Ela é a bilionária mais jovem do mundo. Assim como sua irmã Dora, possui 3,1% da Weg e já recebeu milhões em dividendos. Atualmente, está cursando psicologia na universidade, segundo a Forbes.

2. Clemente Del Vecchio
Idade: 20
País: Itália
Fonte de Riqueza: Óculos
Patrimônio Líquido: R$ 31,5 bilhões (US$ 5,2 bilhões)

É o terceiro filho dos Del Vecchio e o quarto herdeiro de uma fortuna de óculos entre os bilionários com menos de 33 anos. Assim como seus irmãos, possui 12,5% da holding Delfin, que detém participações em várias empresas, incluindo a produtora de Ray-Ban, EssilorLuxottica.

3. Kim Jung-youn
Idade: 20
País: Coreia do Sul
Fonte de Riqueza: Jogos online
Patrimônio Líquido: R$ 7,8 bilhões (US$ 1,3 bilhão)

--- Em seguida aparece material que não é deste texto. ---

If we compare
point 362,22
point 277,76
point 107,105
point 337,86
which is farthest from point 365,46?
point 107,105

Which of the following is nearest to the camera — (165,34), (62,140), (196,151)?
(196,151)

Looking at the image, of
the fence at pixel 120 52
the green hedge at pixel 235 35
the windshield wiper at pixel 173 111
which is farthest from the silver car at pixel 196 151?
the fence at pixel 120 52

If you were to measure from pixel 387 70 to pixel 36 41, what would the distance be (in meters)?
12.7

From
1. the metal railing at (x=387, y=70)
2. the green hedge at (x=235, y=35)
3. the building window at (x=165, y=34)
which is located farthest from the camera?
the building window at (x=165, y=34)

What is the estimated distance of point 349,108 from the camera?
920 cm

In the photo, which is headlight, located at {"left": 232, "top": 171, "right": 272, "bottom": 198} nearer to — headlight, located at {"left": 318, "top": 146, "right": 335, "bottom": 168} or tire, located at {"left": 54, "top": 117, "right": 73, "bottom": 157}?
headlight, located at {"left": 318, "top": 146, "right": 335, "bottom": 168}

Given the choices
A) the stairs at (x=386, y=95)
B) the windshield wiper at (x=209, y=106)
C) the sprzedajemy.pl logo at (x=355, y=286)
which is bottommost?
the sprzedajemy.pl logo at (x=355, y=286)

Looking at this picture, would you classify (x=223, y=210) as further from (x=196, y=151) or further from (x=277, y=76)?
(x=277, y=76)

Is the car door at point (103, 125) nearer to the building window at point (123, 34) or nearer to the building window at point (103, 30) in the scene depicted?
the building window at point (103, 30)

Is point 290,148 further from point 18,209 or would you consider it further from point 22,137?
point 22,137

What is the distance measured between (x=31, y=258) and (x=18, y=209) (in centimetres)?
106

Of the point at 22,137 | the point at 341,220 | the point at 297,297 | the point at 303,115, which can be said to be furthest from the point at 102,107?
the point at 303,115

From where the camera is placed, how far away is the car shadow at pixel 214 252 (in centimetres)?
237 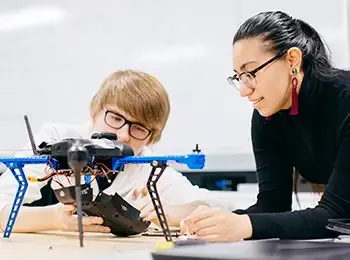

Ela e sua irmã possuem aproximadamente 9% cada uma da Nexon, editora de jogos online sul-coreana-japonesa fundada por seu falecido pai, Kim Jung-ju, em 1994. Herdaram suas participações após a morte dele, aos 54 anos, em 2022. Nenhuma das duas irmãs tem envolvimento direto na empresa.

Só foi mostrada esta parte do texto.